Under the “old” Article 32, the right to call and examine witnesses and to obtain production (discovery) of evidence was pretty robust.
All Services except the Air Force and Coast Guard routinely recorded the audio of the hearing. That audio could then be transcribed into a verbatim transcript. The benefit to the government was that in the event a witness became unavailable at trial, there existed a “deposition,” or at least something akin to a deposition which could be used in evidence at trial in the extreme case.
The Article 32 testimony as substitute for the actual appearance of the witness is guided by United States v. Norris, 16 U.S.C.M.A. 574, 37 C.M.R. 194 (to be admissible, must be verbatim); United States v. Burrow, 16 U.S.C.M.A. 94, 36 C.M.R. 250; Pointer v.

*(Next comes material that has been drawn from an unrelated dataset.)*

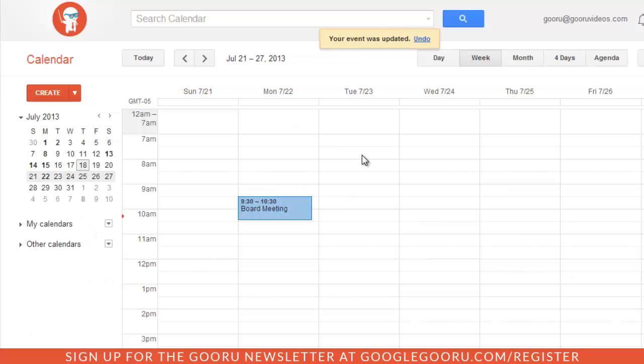So when they receive the calendar invitation, they'll also get the Google Doc included.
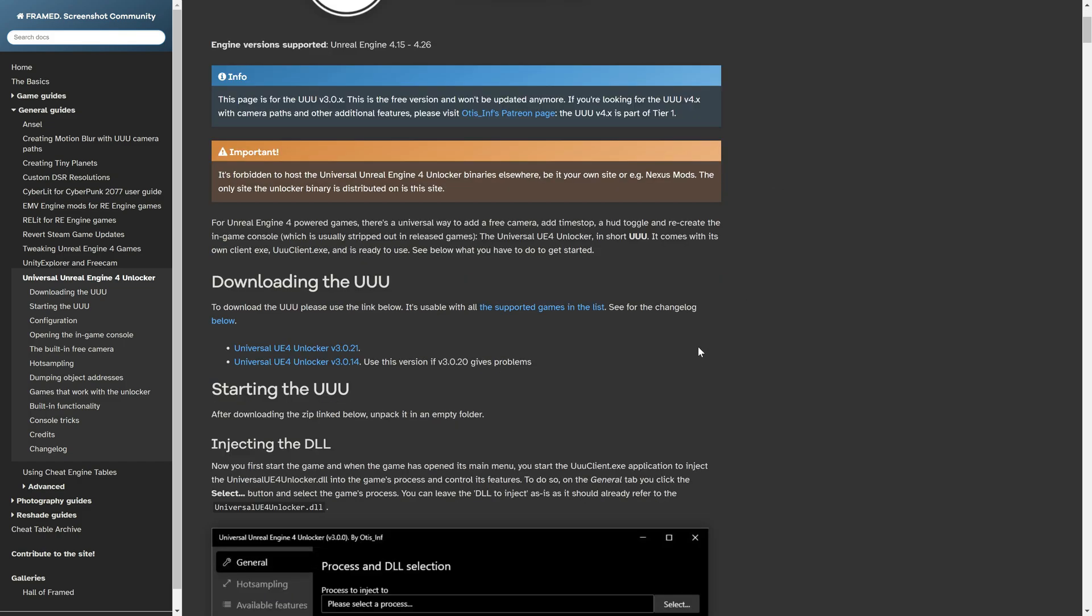Then scroll down a little bit. Here you have two different links. I recommend downloading the 3.0.21 link. If it doesn't work, click the other one. Click the download button to download it.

Texas, 380 U.S. 400 (1965)(testimony might be received only if “taken at a full-fledged hearing at which petitioner had been represented by counsel who had been given a complete and adequate opportunity to cross-examine.” Id., at page 407.
This was a reason I always wondered why the Air Force and Coast Guard didn’t record the 32. Although the cynical thought was that it prevented the defense from having a record to use for impeachment.

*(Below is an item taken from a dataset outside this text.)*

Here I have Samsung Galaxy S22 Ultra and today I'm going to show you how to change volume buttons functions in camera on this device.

But here is the question for the current Article 32 pretrial hearing. Can the hearing be properly used as a substitute for a deposition, and testimony used in evidence should a witness become unavailable for trial. I think the answer should be NO. Largely I think this is because of the intent to avoid discovery and an appropriate amount of cross-examination of witnesses who did attend. There is now almost no discovery and the ability to cross-examine witnesses who do appear is more limited. Thus there is a strong constitutional argument that trying to use a transcript of Article 32 testimony violates the Sixth Amendment Confrontation Clause.
While the likelihood of needing prior testimony may not be a frequent event, there may come another day where this collateral impact of changing the Article 32 may come back to haunt. On balance the intent to adversely affect the ability of the defense to prepare for and defend against a charge has been accomplished-but at a cost to a potential prosecution.